Dal podio del Teatro Fraschini di Pavia il Maestro Donato Renzetti dirigerà l’ Orchestra de I Pomeriggi Musicali nel seguente programma dedicato a Beethoven: 

 

L. van Beethoven, Sinfonia n. 9 in re minore per soli, coro e orchestra op. 125

 

QUANDO: 

Venerdì 12 Maggio 2017, ore 21.00

 

DOVE: Teatro Fraschini
Corso Str. Nuova, 136
27100 Pavia (PV)

 

INTERPRETI:

Direttore, Donato Renzetti

Direttore del coro, Antonio Greco

Soprano, Marina Bortolotti

Mezzosoprano, Agostina Smimmero

Tenore, Marco Ciaponi

Basso, Dario Russo

Coro Costanzo Porta

Orchestra I Pomeriggi Musicali

 

QUALCHE INFORMAZIONE SUI BIGLIETTI:

Platea al costo di 22,00 €

Platea al costo di 22,00 €

Palco Centrale al costo di 22,00 €

Palco Centrale al costo di 22,00 €

Palco Laterale al costo di 22,00 €

Palco Laterale al costo di 22,00 €

Barcaccia al costo di 22,00 €

Galleria IV ord. al costo di 17,60 €

Galleria V ord. – Posto in piedi al costo di 8,80 €

 

Teatro Fraschini, Pavia: I Pomeriggi Musicali e Beethoven Sinfonia n.9

 

oppure, se volete, potete rivolgervi all’ Associazione Ma.Ni. per acquisto e ritiro dei biglietti. Potete scrivere a mara.grisoni@gmail.com o telefonare al numero +39 327 – 79.68.987.

… … …

PER CONOSCERE IL PROGRAMMA

Beethoven’s Symphony No. 9

L’ ultima sinfonia di Beethoven è la redenzione della musica dal suo elemento più peculiare verso l’ arte universale. È il vangelo umano dell’ arte dell’ avvenire. Dopo di essa non è possibile alcun progresso, perché non può seguirla immediatamente che l’ opera più perfetta: il dramma universale, di cui Beethoven ci ha fornito la chiave artistica” (Richard Wagner, Opera d’ arte dell’ avvenire, Lipsia, 1849.)

 

La sinfonia n. 9 in Re minore con voci e coro finale Op. 125 (nota anche solo come Nona sinfonia o Sinfonia corale) è l’ultima sinfonia composta da Ludwig van Beethoven. Commissionata dalla Società Filarmonica di Londra nel 1817, la sinfonia venne completata nel 1824, quando il compositore era completamente sordo.
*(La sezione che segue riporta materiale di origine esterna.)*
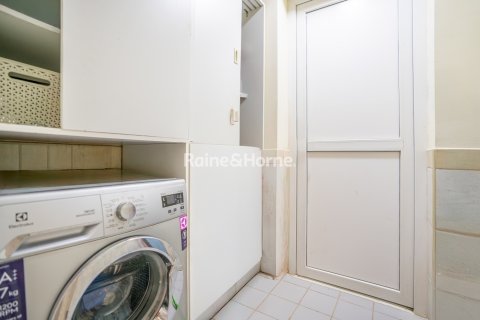 Villa in The Springs, Dubai, UAE 2 bedrooms, 207.1 sq.m. № 707608 - photo 14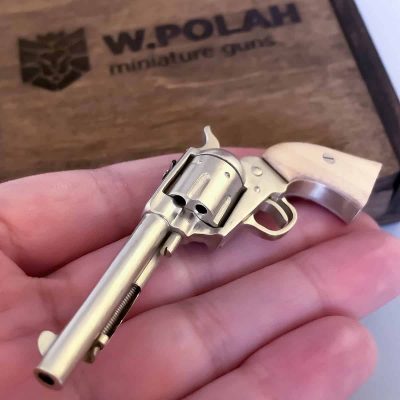 Colt 1873 Peacemaker Revolver (scale 1:4)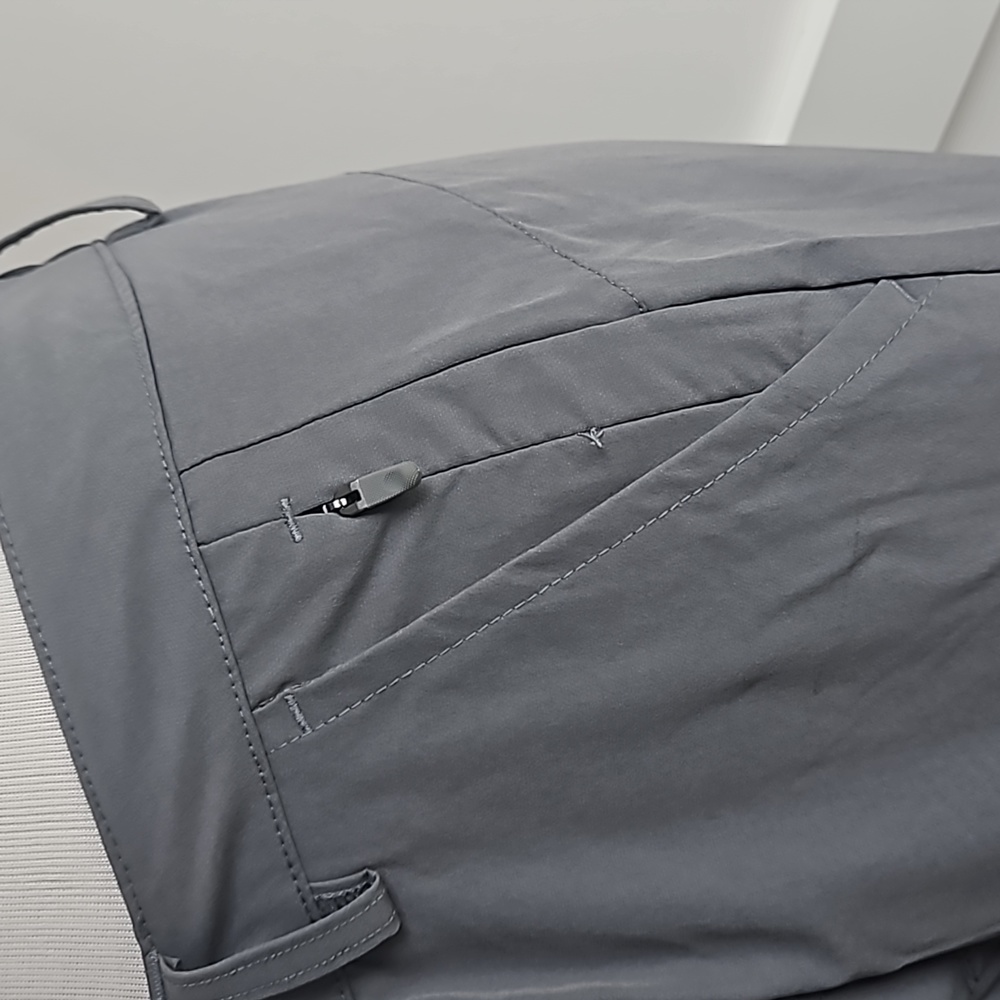 Baleaf hiking/ golf pants - Picture 7 of 7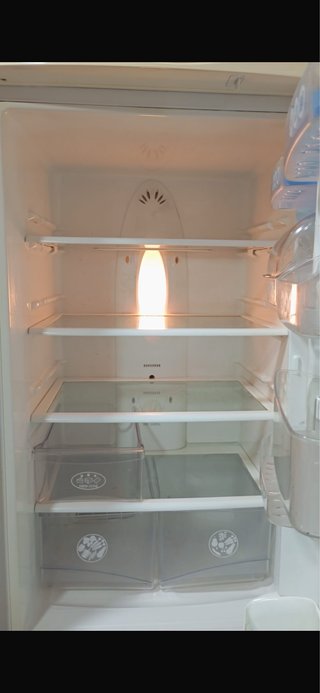 Nevera LG blanca con congelador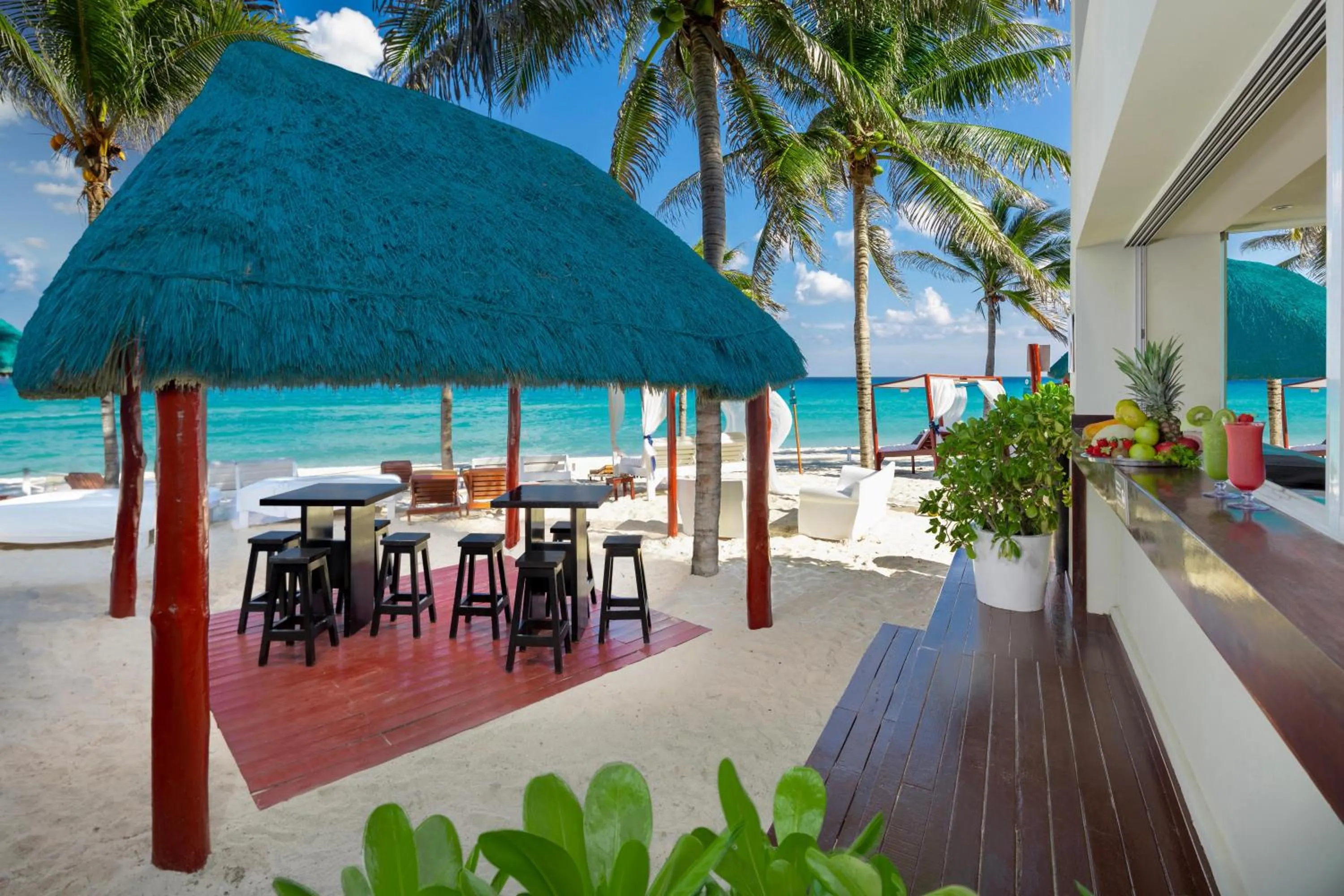 Lounge or bar in The Pyramid Cancun by Oasis - All Inclusive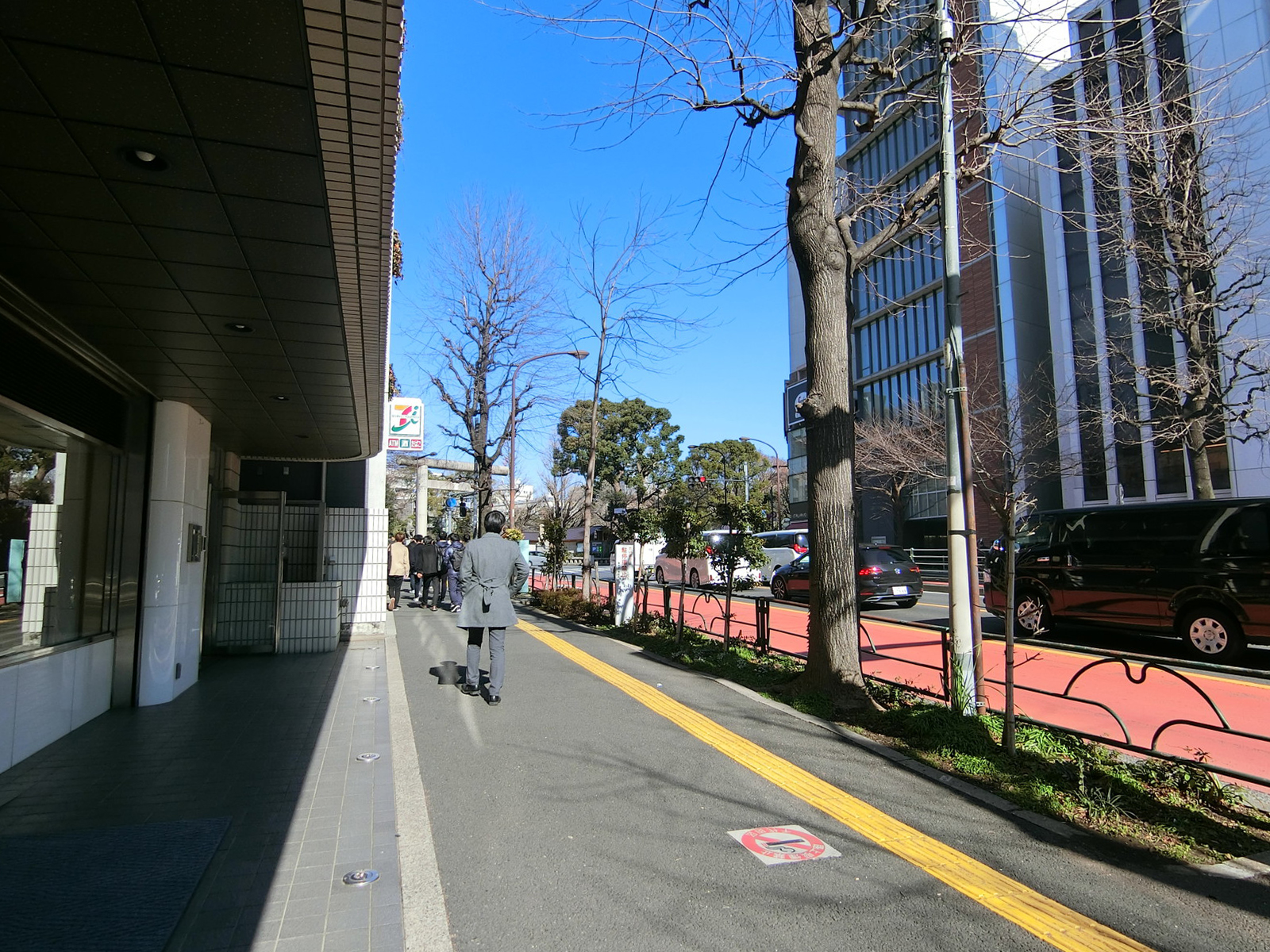 シークスビル前面の内堀通り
La prima assoluta avvenne venerdì 7 maggio 1824 nel Theater am Kärntnertor di Vienna, con la contralto Caroline Unger ed il tenore Anton Haizinger, seguita da tre parti della Missa Solemnis (il Kyrie, il Credo, e l’ Agnus Dei) e dall’ ouverture La consacrazione della casa.
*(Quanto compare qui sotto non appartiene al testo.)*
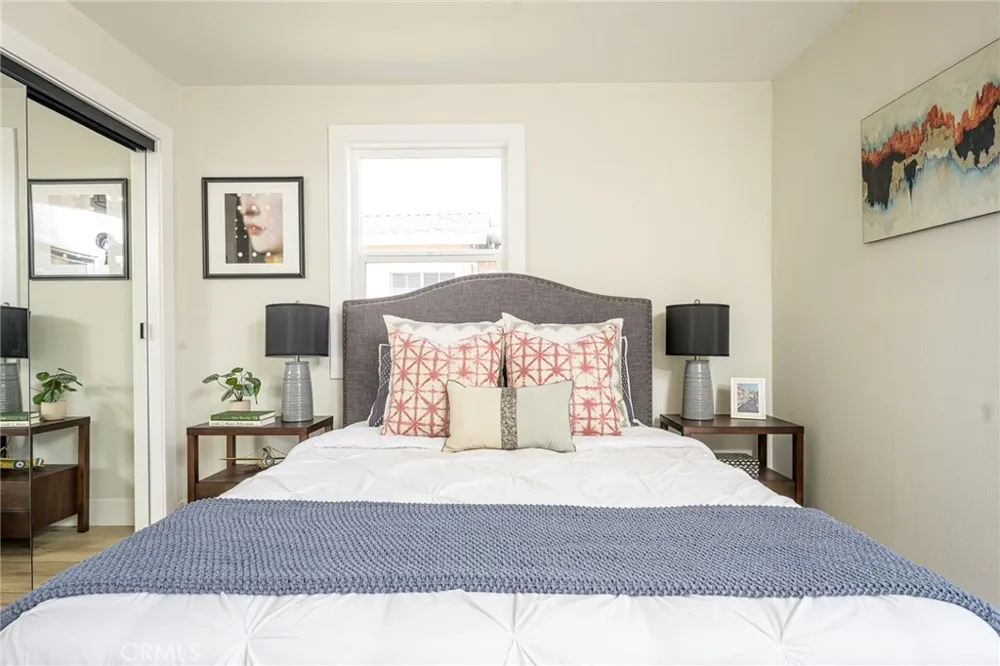 12126 Ainsworth St Los Angeles, CA 90044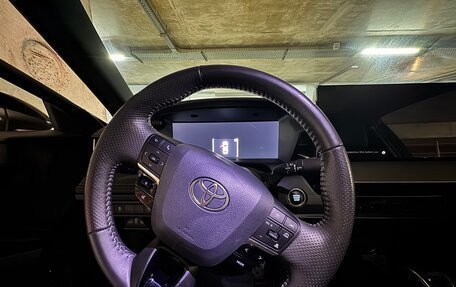 Toyota Camry, 2024 год, 4 300 000 рублей, 2 фотография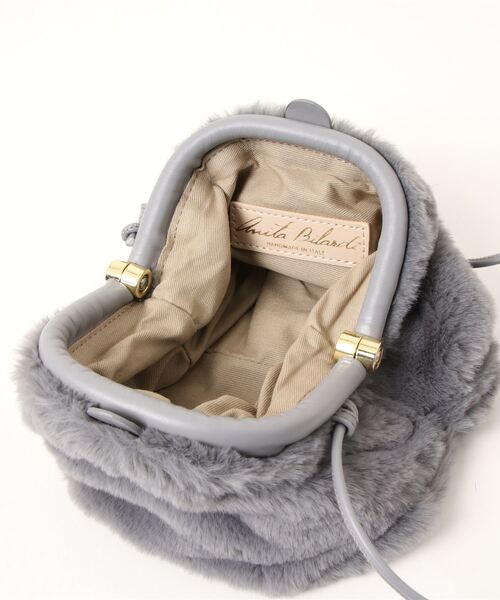 ANITA BILARDI（アニタビラルディ）の「【ANITA BILARDI(アニタ ビラルディ)】 BRICK BAG / フェイクファー ショルダーバッグ（ショルダーバッグ・レディース・アイボリー/グレー系その他・2）」の3枚目の写真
È una delle opere più note di tutta la musica classica ed è considerata uno dei più grandi capolavori di Beethoven, se non la più grandiosa composizione musicale mai scritta.

Denominata nel suo primo abbozzo Allemande (“Tedesca”), la sinfonia nacque in parte da altri brani di Beethoven che, sebbene confluiti in opere a sé stanti, sono anche contenuti in alcuni schizzi della futura Nona sinfonia. Quanto alla struttura, già la Fantasia Corale, Op. 80 (1808), in pratica un movimento di un concerto per pianoforte, introduce un coro e dei solisti verso la fine, per creare il culmine. Così nella Nona Sinfonia le voci cantano un tema prima suonato strumentalmente: peraltro il tema, per lo meno nella struttura, ricorda piuttosto da vicino il tema corrispondente nella Fantasia Corale. Ma una versione precedente del tema della Fantasia Corale si trova nella canzone Gegenliebe, per pianoforte e voce alta, risalente a prima del 1795.

La première della sinfonia coinvolse la più grande orchestra mai riunita da Beethoven e richiese gli sforzi combinati della Kärntnertor house orchestra e della Società musicale di Vienna (Gesellschaft der Musikfreunde), insieme a un gruppo selezionato di dilettanti preparati. Sebbene non esista una lista completa degli artisti che vi presero parte, molti degli artisti più noti di Vienna sono noti per aver partecipato.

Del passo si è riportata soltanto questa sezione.